(Short descriptive text snippets)
##############################
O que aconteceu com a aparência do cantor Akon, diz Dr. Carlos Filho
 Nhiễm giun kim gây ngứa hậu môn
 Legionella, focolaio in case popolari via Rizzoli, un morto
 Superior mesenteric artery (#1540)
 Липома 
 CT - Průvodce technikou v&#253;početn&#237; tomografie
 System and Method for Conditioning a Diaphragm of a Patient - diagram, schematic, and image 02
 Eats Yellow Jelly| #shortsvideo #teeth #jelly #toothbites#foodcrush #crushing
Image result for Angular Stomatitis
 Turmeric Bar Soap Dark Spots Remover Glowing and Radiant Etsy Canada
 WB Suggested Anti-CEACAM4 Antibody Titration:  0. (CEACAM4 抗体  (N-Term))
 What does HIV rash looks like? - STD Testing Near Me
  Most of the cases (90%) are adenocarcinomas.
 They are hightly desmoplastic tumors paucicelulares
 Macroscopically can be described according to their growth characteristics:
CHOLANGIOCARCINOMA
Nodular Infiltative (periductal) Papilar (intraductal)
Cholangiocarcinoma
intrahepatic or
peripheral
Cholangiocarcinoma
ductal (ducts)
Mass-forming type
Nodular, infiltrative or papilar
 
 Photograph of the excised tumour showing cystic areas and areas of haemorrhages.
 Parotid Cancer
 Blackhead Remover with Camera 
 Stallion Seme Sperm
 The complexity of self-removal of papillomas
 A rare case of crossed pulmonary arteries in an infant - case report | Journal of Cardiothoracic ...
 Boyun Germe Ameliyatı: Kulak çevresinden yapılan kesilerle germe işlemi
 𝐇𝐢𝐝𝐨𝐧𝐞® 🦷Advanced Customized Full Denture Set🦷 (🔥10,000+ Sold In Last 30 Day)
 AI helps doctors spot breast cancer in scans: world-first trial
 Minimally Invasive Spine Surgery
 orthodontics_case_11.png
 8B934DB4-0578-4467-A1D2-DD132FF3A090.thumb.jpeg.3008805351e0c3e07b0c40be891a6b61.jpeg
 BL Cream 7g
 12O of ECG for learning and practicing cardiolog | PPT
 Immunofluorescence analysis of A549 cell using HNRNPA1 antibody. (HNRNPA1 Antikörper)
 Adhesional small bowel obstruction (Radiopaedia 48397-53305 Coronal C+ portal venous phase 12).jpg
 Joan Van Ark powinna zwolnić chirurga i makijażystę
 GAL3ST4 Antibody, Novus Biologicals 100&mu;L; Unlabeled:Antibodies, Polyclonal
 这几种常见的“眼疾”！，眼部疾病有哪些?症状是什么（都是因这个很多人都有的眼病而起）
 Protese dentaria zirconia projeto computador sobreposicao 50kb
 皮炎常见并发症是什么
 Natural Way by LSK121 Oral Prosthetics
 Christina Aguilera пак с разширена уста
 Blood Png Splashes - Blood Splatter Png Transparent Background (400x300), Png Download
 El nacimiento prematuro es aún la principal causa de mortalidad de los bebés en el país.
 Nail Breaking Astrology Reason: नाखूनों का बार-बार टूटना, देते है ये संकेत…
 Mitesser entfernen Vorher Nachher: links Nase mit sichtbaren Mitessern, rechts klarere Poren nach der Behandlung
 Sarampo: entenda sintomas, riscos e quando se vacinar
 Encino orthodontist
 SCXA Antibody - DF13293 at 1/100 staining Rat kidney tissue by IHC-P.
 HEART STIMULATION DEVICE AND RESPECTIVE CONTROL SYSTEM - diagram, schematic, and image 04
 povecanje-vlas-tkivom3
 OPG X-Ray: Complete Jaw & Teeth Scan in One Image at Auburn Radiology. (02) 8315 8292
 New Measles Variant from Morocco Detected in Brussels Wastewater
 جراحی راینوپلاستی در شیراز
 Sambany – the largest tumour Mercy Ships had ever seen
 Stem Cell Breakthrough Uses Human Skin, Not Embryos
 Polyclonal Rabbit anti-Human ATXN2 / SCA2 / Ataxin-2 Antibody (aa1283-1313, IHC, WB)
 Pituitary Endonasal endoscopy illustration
##############################
TASK PROMPT: From the records above, extract exactly and only the lines that begin at the line with "𝐇𝐢𝐝𝐨𝐧𝐞® 🦷Advanced Customized" and stop after the line with "12O of ECG for".

SOLVED PROBLEM:
 𝐇𝐢𝐝𝐨𝐧𝐞® 🦷Advanced Customized Full Denture Set🦷 (🔥10,000+ Sold In Last 30 Day)
 AI helps doctors spot breast cancer in scans: world-first trial
 Minimally Invasive Spine Surgery
 orthodontics_case_11.png
 8B934DB4-0578-4467-A1D2-DD132FF3A090.thumb.jpeg.3008805351e0c3e07b0c40be891a6b61.jpeg
 BL Cream 7g
 12O of ECG for learning and practicing cardiolog | PPT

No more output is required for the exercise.